◆ WHAT THE EXERCISE ASKS
Up to and including the line with "Hayden Floral Rash", please reproduce the lines below exactly, beginning with the first.

Stored data
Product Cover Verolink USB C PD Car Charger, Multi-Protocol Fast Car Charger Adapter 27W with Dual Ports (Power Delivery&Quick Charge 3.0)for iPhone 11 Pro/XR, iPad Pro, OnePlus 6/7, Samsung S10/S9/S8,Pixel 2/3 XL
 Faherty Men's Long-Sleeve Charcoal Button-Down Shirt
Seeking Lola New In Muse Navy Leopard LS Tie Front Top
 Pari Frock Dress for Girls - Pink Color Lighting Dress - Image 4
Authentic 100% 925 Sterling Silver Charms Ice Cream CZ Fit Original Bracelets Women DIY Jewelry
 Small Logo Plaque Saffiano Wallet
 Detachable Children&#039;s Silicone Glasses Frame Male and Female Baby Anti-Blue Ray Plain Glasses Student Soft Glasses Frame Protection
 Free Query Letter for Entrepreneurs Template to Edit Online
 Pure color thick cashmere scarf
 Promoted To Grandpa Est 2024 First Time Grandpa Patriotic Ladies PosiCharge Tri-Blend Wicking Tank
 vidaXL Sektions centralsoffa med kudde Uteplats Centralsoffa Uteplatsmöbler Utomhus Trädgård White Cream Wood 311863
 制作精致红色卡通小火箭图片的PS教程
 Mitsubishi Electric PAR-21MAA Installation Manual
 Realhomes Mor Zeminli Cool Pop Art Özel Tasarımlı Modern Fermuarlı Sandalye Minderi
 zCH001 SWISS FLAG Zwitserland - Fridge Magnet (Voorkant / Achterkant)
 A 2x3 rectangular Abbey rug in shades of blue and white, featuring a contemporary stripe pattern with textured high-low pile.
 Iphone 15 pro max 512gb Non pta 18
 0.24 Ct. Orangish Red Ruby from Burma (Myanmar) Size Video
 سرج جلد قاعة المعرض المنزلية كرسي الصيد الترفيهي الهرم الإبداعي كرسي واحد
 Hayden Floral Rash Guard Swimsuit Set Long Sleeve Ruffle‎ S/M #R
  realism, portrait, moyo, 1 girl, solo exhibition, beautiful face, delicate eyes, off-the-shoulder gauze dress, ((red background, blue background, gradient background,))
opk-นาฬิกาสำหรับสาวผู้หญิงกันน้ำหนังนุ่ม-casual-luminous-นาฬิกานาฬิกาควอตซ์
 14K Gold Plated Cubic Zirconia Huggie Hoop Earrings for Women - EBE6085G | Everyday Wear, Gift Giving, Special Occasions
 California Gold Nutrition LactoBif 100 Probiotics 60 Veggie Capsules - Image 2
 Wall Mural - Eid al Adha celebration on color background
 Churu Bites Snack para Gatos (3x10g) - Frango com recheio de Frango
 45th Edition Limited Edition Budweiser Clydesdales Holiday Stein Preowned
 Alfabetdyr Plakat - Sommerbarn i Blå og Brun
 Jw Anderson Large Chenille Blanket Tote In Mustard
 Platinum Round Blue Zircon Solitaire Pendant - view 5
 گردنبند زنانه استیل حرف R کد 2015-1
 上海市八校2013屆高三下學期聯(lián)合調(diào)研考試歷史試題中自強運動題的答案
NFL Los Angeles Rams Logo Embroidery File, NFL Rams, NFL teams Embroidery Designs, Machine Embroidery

◆ OUTPUT FOR THIS TASK
Product Cover Verolink USB C PD Car Charger, Multi-Protocol Fast Car Charger Adapter 27W with Dual Ports (Power Delivery&Quick Charge 3.0)for iPhone 11 Pro/XR, iPad Pro, OnePlus 6/7, Samsung S10/S9/S8,Pixel 2/3 XL
 Faherty Men's Long-Sleeve Charcoal Button-Down Shirt
Seeking Lola New In Muse Navy Leopard LS Tie Front Top
 Pari Frock Dress for Girls - Pink Color Lighting Dress - Image 4
Authentic 100% 925 Sterling Silver Charms Ice Cream CZ Fit Original Bracelets Women DIY Jewelry
 Small Logo Plaque Saffiano Wallet
 Detachable Children&#039;s Silicone Glasses Frame Male and Female Baby Anti-Blue Ray Plain Glasses Student Soft Glasses Frame Protection
 Free Query Letter for Entrepreneurs Template to Edit Online
 Pure color thick cashmere scarf
 Promoted To Grandpa Est 2024 First Time Grandpa Patriotic Ladies PosiCharge Tri-Blend Wicking Tank
 vidaXL Sektions centralsoffa med kudde Uteplats Centralsoffa Uteplatsmöbler Utomhus Trädgård White Cream Wood 311863
 制作精致红色卡通小火箭图片的PS教程
 Mitsubishi Electric PAR-21MAA Installation Manual
 Realhomes Mor Zeminli Cool Pop Art Özel Tasarımlı Modern Fermuarlı Sandalye Minderi
 zCH001 SWISS FLAG Zwitserland - Fridge Magnet (Voorkant / Achterkant)
 A 2x3 rectangular Abbey rug in shades of blue and white, featuring a contemporary stripe pattern with textured high-low pile.
 Iphone 15 pro max 512gb Non pta 18
 0.24 Ct. Orangish Red Ruby from Burma (Myanmar) Size Video
 سرج جلد قاعة المعرض المنزلية كرسي الصيد الترفيهي الهرم الإبداعي كرسي واحد
 Hayden Floral Rash Guard Swimsuit Set Long Sleeve Ruffle‎ S/M #R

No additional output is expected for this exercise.